For each term of the 2020-2021 academic year (Fall 2020, Winter 2021, Spring 2021, Spring/Summer 2021, and Summer 2021), you will have the option of converting letter grades A+ through C- to a “Pass” (P/PS).  If you earn grades of a D+, D, D-, or E, you will receive a “No Record Covid” (NRC) grade and will have the option to convert that NRC grade to the earned letter grade. And if you elected Optional Pass/Fail for a course at the beginning of the semester, you will receive either a “Pass” (P/PS) for passing or an NRC grade for not passing; you can also convert either grade to a letter grade.  

The deadlines to request all conversions are:

  • July 1, 2021 (Fall 2020 term grades)
  • November 1, 2021 (Winter 2021 term grades)
  • March 1, 2022 (Spring/Summer 2021 grades)

Whether or not to convert grades is an individual decision:  there isn't a "one size fits all" answer for students. We encourage you to think through the following considerations as you make your decision; if you have any questions or would like to talk this over, we’d be happy to help.  Please schedule an advising appointment with an academic advisor or contact your advising office.
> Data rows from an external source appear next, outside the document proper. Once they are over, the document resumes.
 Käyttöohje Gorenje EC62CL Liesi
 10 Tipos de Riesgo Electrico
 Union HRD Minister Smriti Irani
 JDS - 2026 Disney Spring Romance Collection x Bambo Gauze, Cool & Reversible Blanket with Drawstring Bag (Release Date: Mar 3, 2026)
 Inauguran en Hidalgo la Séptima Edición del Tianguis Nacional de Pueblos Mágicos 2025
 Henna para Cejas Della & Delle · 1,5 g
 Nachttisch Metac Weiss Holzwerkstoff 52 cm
Please also note that once you convert a course (either a letter grade to a Pass or an NRC back to a letter grade) that decision is final and irreversible. If you have any questions, we strongly encourage you to talk to us!

Should I convert a letter grade to a "Pass" (P/PS) grade?
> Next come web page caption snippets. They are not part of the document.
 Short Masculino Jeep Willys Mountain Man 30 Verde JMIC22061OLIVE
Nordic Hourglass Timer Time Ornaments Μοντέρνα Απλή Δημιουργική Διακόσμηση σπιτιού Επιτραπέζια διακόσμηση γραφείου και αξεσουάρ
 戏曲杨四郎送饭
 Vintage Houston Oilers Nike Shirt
Is the letter grade I earned consistent with the grades on the rest of my transcript?  

  • If the letter grade you earned aligns with the grades you have received previously, then you will likely benefit from keeping it as is. 
  • If the letter grade you earned is lower than most of your other grades, then you will likely benefit from converting it to a "Pass" (P/PS) grade.  
  • If you choose to convert letter grades from this academic year to "Pass" (P/PS) grades, then your grades from other semesters will hold more weight for anyone reviewing your transcript; transcript reviewers will likely assume that your other semesters demonstrate the work you are capable of doing. 

A “Pass” grade will…

  • keep your GPA (term, cumulative, major, minor) the exact same as it currently is 
  • will meet major, minor, and college requirements as long as the letter grades earned would satisfy those requirements. For example, if your program requires a grade of C or better to fulfill a requirement and you convert your letter grade to a Pass, the grade that was entered by the instructor must be a C or better in order to fulfill the requirement. In this example, if your instructor entered a C-, you would get credit (CTP) for the course, but it would not count toward your program requirement.
  • count toward the 90 credits of graded coursework requirement 

If you received a "PS," converting an Optional Pass grade to a C- grade will...
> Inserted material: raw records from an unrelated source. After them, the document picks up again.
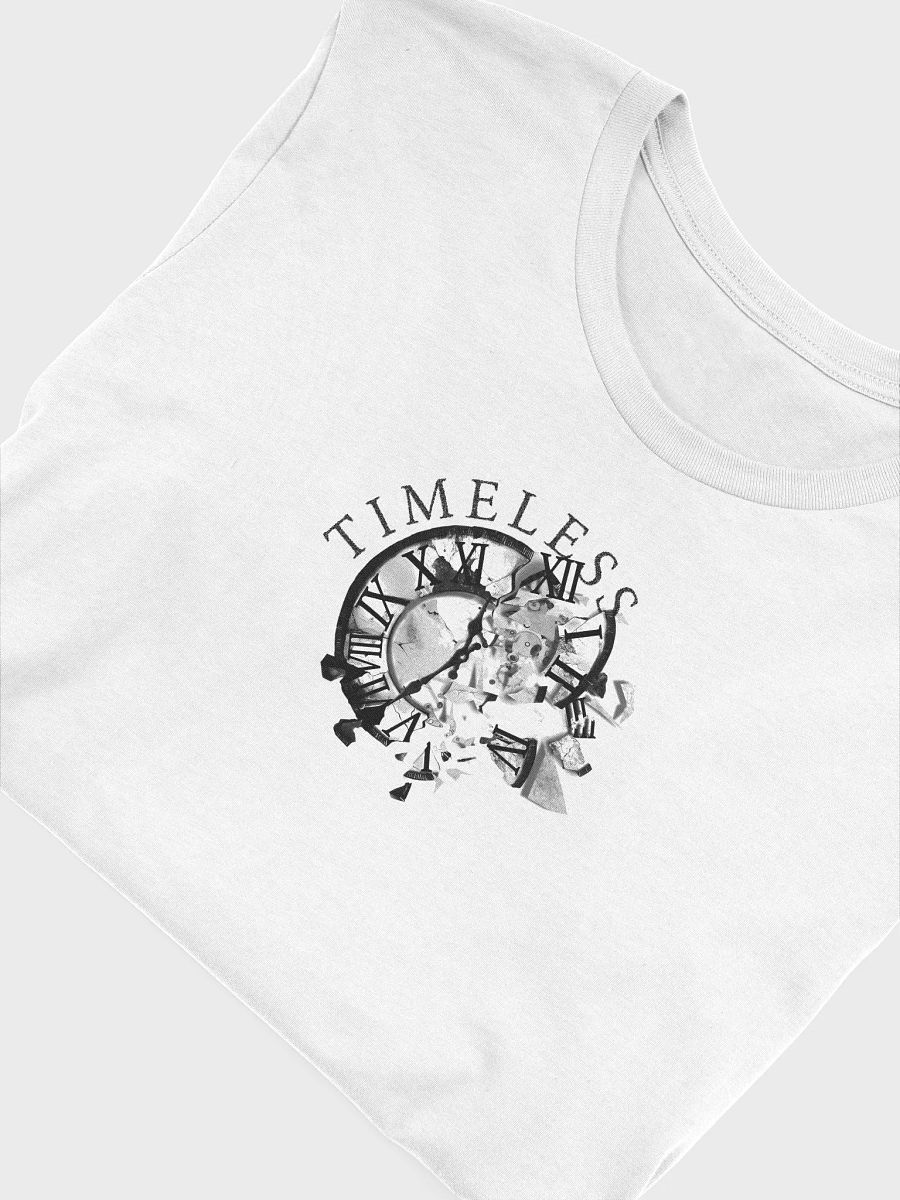 Timeless unisex white T-shirt product image (5)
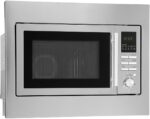 Microondas empotrable Bomann 3 en 1 con grill y convección, espacio de cocción 25 L, 10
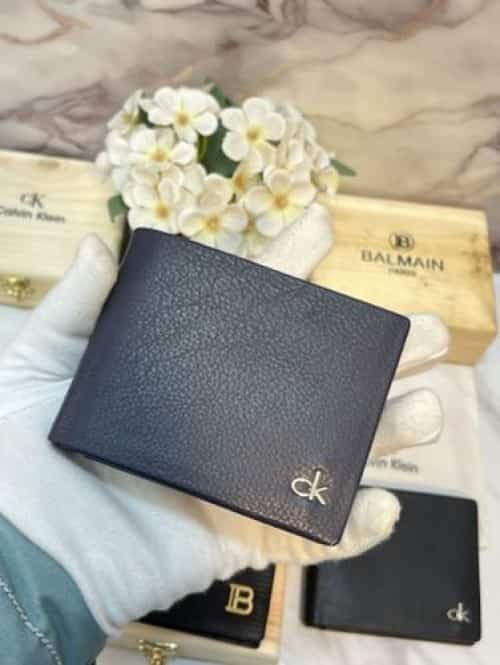 CK CALVI N KLEIN PREMIUM QUALITY IMP ExTRA SOFT MATERIAL WITH OG WOODEN BOX CK-107BLACK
  • be included in your GPA calculation. Use caution if the converted grade brings your term/cumulative/major/minor GPA below 2.0.

Should I convert an “NRC” grade?

An “NRC” grade will...

  • protect your GPA.
  • not allow you to earn credit for the class.

Converting an “NRC” grade to a D+, D, or D- grade will...  

  • allow you to earn credit for the class, so this could be a good decision if you need to earn credit and did not earn a C- or higher to get a P. 
  • include the D+, D, or D- grade in your GPA calculation. Use caution if the converted grade brings your term/cumulative/major/ minor GPA below 2.0.

Considerations For Future Plans (Graduate School/Professional School/Employers)

Anyone reviewing transcripts will remember that a pandemic occurred during this semester and will recognize the unique and challenging situation it created. Everyone’s life was impacted. You’ll likely have an opportunity to explain your situation and resulting transcript grades, whichever decision you make. Some other considerations to bear in mind:

  • Many colleges and universities around the world have used alternate grading policies over the last few semesters. As a result, anyone reviewing your transcript will not be surprised if it looks different than terms before the pandemic. 
  • It’s impossible to know how each and every school/employer will treat COVID semesters. Ultimately, you have to make decisions that help your transcript reflect the academic experience that you had over the course of the pandemic while being compassionate and fair to yourself. Remember that your entire record will be seen. 
  • It will be easier to explain P/NRC grades as being a result of a pandemic than to explain why you think your GPA should be higher than it is. If your letter grades don’t reflect what you think you learned, then you may want to choose P/NRC grades.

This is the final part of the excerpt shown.